Landscape in Poetry of Desmond Egan and
GM Hopkins
Serpillo thought that Hopkins' and Egan's view of the landscape could be a useful starting point to appreciate the respective development of their poetry - perhaps acquire some new insight into their poetics.
This Lecture was delivered, July 2022, at the Hopkins Literary Festival
Giuseppe Serpillo
University of Sassari,
Sardinia.
Why compare two poets living two centuries apart, coming from different countries and cultural backgrounds? Hopkins spent the last five years of his life in Ireland and knew these surroundings quite well; he enjoyed the landscape of this country as much as he had loved that of England and Wales. Inspired by this fact, Desmond Egan created this international festival, being himself a passionate close reader and an expert of Hopkins.
I thought that their view of the landscape could be a useful starting point to better appreciate the respective development of their poetry, and perhaps acquire some new insight into their poetics. When we speak of the landscape we are referring to a complex experience in which all the senses are involved. Basically it is a synaesthetic experience: visual, olfactory, auditory and tactile perceptions affect the totality of the experience and are never the same for two or more individuals.
Besides,the same landscape is never objectively the same even for two different observers, and at the same time. The perceived is filtered through the individual psychology, sensitivity, and the anthropological culture of the perceptor. In short, the landscape, like any other experience, is all in the eye of the beholder, it is his/her own creation. I will consider four different types of response to the landscape: sensory, mythical, historical, ecological.
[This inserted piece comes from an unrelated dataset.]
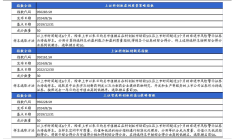 从“孵化器”到“加速器” 科创板锚定新质生产力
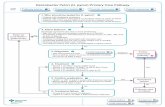 Helicobacter Pylori (H.pylori) Primary Care Pathway ... Dyspepsia pathway for additional treatment options. Last Updated: April 2020 Page 5 of 12 Back to Algorithm 6. Treatment failure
The first is of course the most immediate: the landscape appears to the observer in all its variety, determining a response that is predominantly emotional, which could therefore be positive or negative but not indifferent; the mythical response implies that the landscape is seen as if animated from within by invisible presences referable to those that Jung assigns to the collective unconscious as moulded by the cultural context to which the observer belongs.
A different response is eliud if the landscape has been moulded by history; that is, when the observer sees in the signs engraved in that landscape the events that have altered/modified its contours or changed its substance; finally, the ecological response is that of those who, observing the landscape, notice the violence to which it has been subjected, feel indignation but also develop a sense of their own responsibility as individuals, as well as representatives of that society, which has disturbed its harmony. In Hopkins the landscape often does not arise from direct observation, but is pure creation of the imagination.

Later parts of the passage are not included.